Examples of government policies which may be useful as a reference include:

• The Government of Canada’s Policy on Privacy Protection provides direction to comply with the Privacy Act.
• The Government of BC’s Privacy Management and Accountability Policy is the framework for the Province of BC’s privacy management program.
• The Government of BC’s FOIPPA Policy & Procedures Manual includes all of the policies related to the Freedom of Information and Protection of Privacy Act.

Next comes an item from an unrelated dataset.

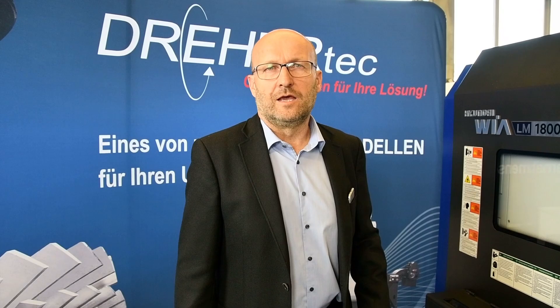Gerne führen wir Ihnen die Maschine hier live vor. Schicken Sie uns an service@drehertec.de Ihre Zeichnung oder rufen Sie uns ganz einfach an. Wir kümmern uns darum und überzeugen Sie gerne mit Live-Spänen von dieser Maschine.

Public institutions such as health authorities and universities are a good source for tools to support confidentiality and security:

• The Nisga’a Valley Health Authority Privacy Policy
• The Shared Health Organizations Portal (SHOP) is a central access point for policies of the Provincial Health Services Authority, Vancouver Coastal Health, and Providence Health Care in BC. There are many privacy and confidentiality-related tools stored in SHOP. For example:
  • Vancouver Coastal Health Information Privacy & Confidentiality Policy.
  • BC Transplant Confidentiality Agreement for employees or affiliated individuals.
• The University of British Columbia’s Office of the University Counsel has guidelines on protection of privacy and access to information to help staff and faculty comply with the Freedom of Information and Protection of Privacy Act (FOIPPA). These documents contain best practices and protocols. See the following:
  • Privacy Fact Sheet: Collecting Personal Information
  • Privacy Fact Sheet: What is Personal Information?
  • Privacy Fact Sheet: Conducting Surveys
  • Privacy Fact Sheet: Handling Privacy Breaches
  • Security and Confidentiality Agreements for external individuals
  • Access and Privacy at UBC: A Guide for Faculty and Staff

Consider implementing a training program to promote a culture of data security and privacy awareness amongst staff. Training can include:

• Common threats and impacts to business.
• Clean desk policies.
• Locking inactive systems.
• Concealing valuables.
• Risk on sharing credentials.
• Not clicking on suspicious links and attachments.
• Reporting security incidents.

Security and privacy awareness training should be conducted on an annual basis and forms a key component of the data management plan. The Province of BC Information Security Awareness website provides introductory level materials on information security designed for the public. There is also a free online training self-directed course on information security available from this site.

The Organisation for Economic Co-operation and Development (OECD) privacy framework provides guidance for the development of privacy frameworks and the flow of personal data.